*Task*.
Would you return the listing that follows exactly, leaving its pictures behind?

------------------------------------------------------------

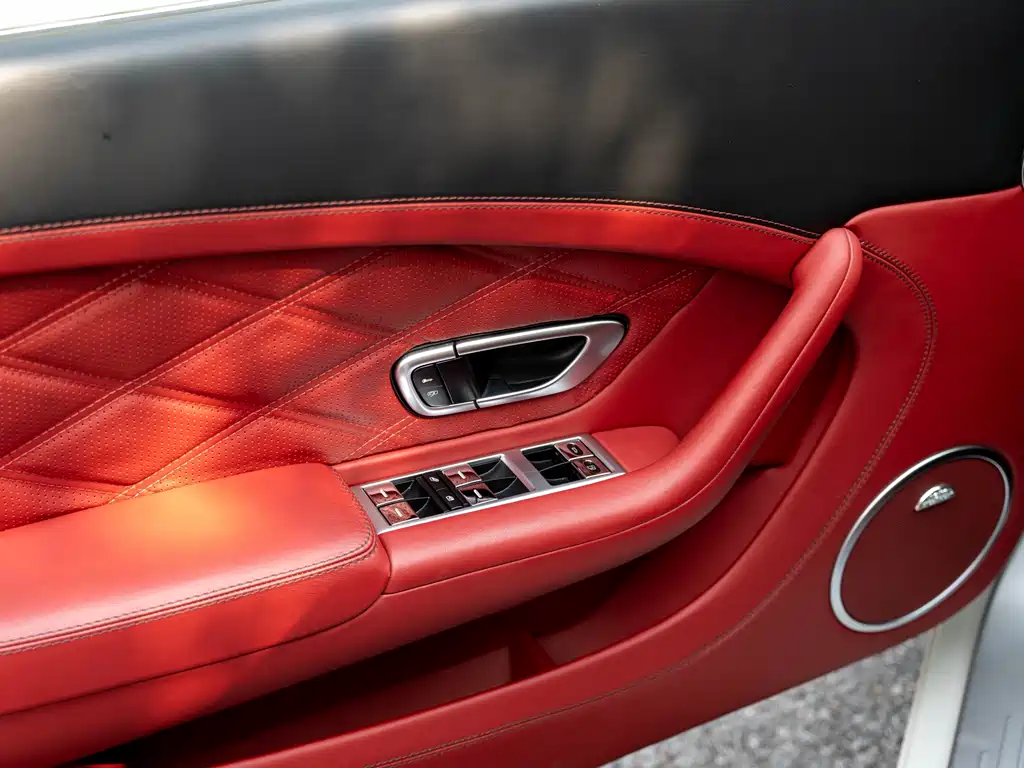 Bentley Continental 2014 — фото 19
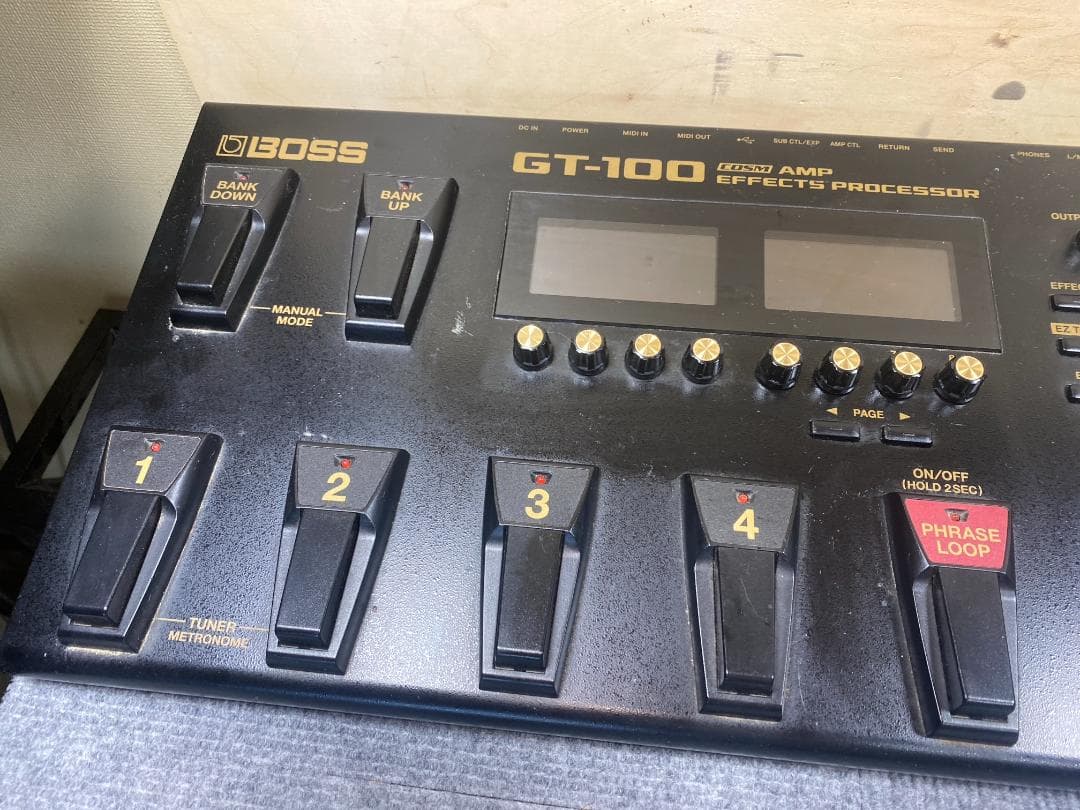 629 BOSS GT-100 アンプシミュレータ　マルチエフェクター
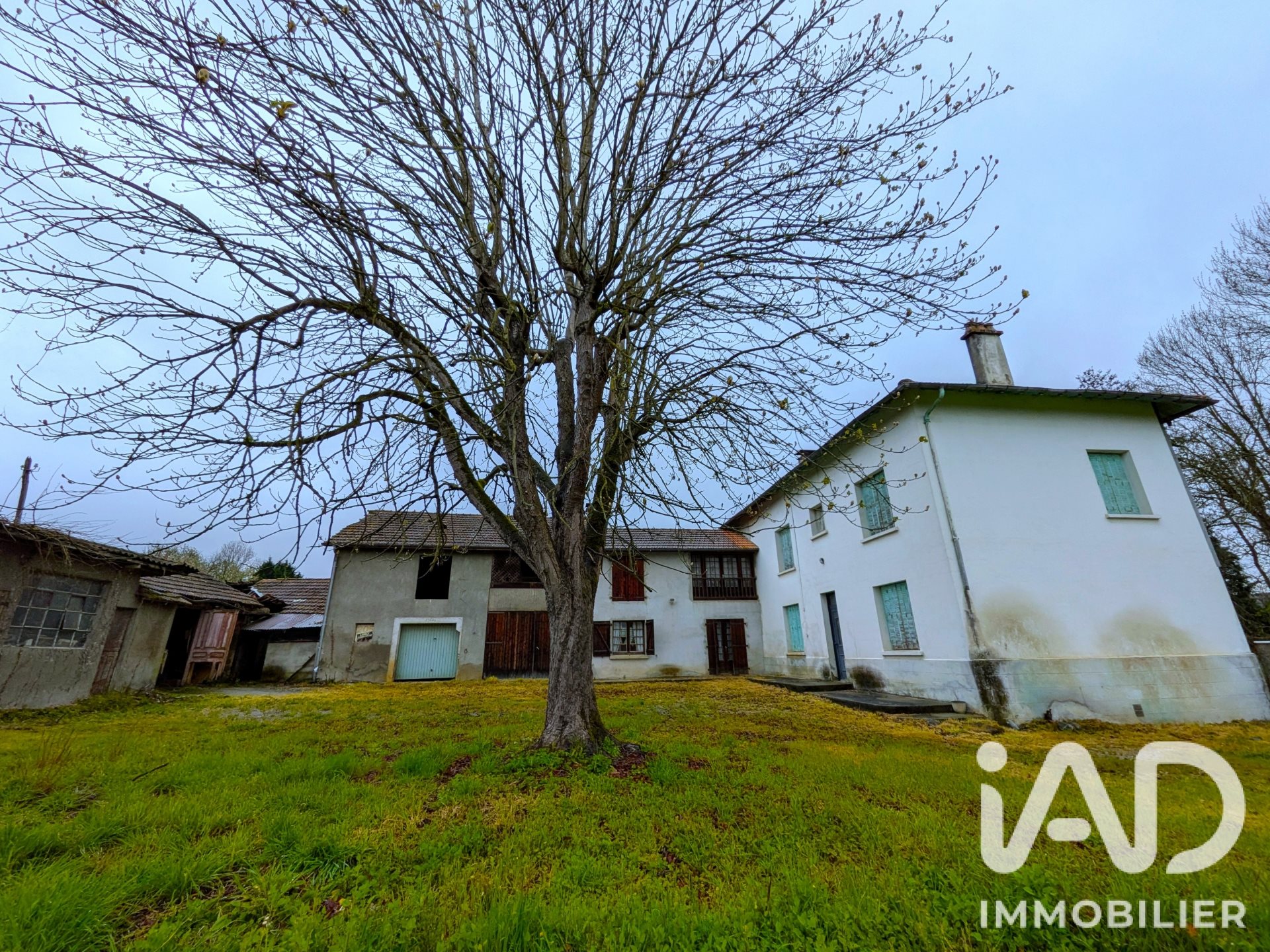 Maison à vendre, 210m², Laslades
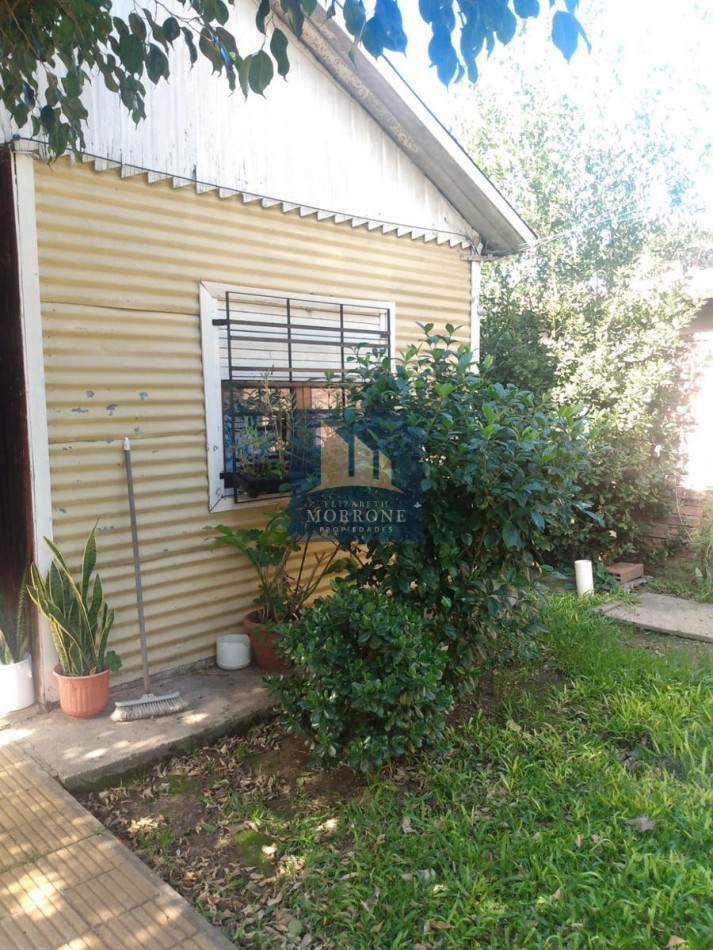VENTA CASA 1 DORMITORIO, LOTE DE 220 MT2, CHUBUT 466 -TEMPERLEY-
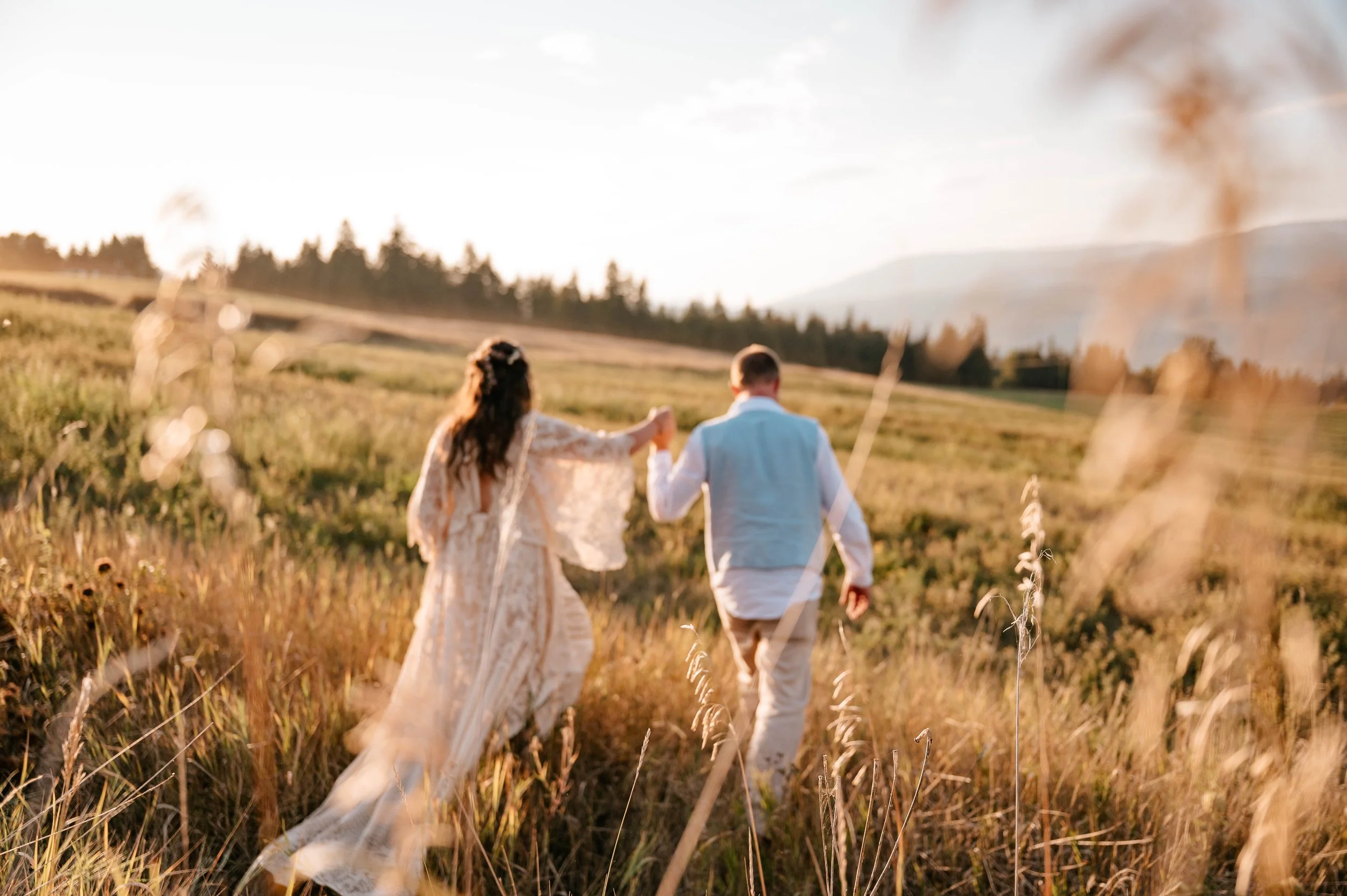 Wedding Venues &amp; Vendors in Salmon Arm, BC - A 2026 Guide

------------------------------------------------------------

*Answer below*.
 Bentley Continental 2014 — фото 19
 629 BOSS GT-100 アンプシミュレータ　マルチエフェクター
 Maison à vendre, 210m², Laslades
VENTA CASA 1 DORMITORIO, LOTE DE 220 MT2, CHUBUT 466 -TEMPERLEY-
 Wedding Venues &amp; Vendors in Salmon Arm, BC - A 2026 Guide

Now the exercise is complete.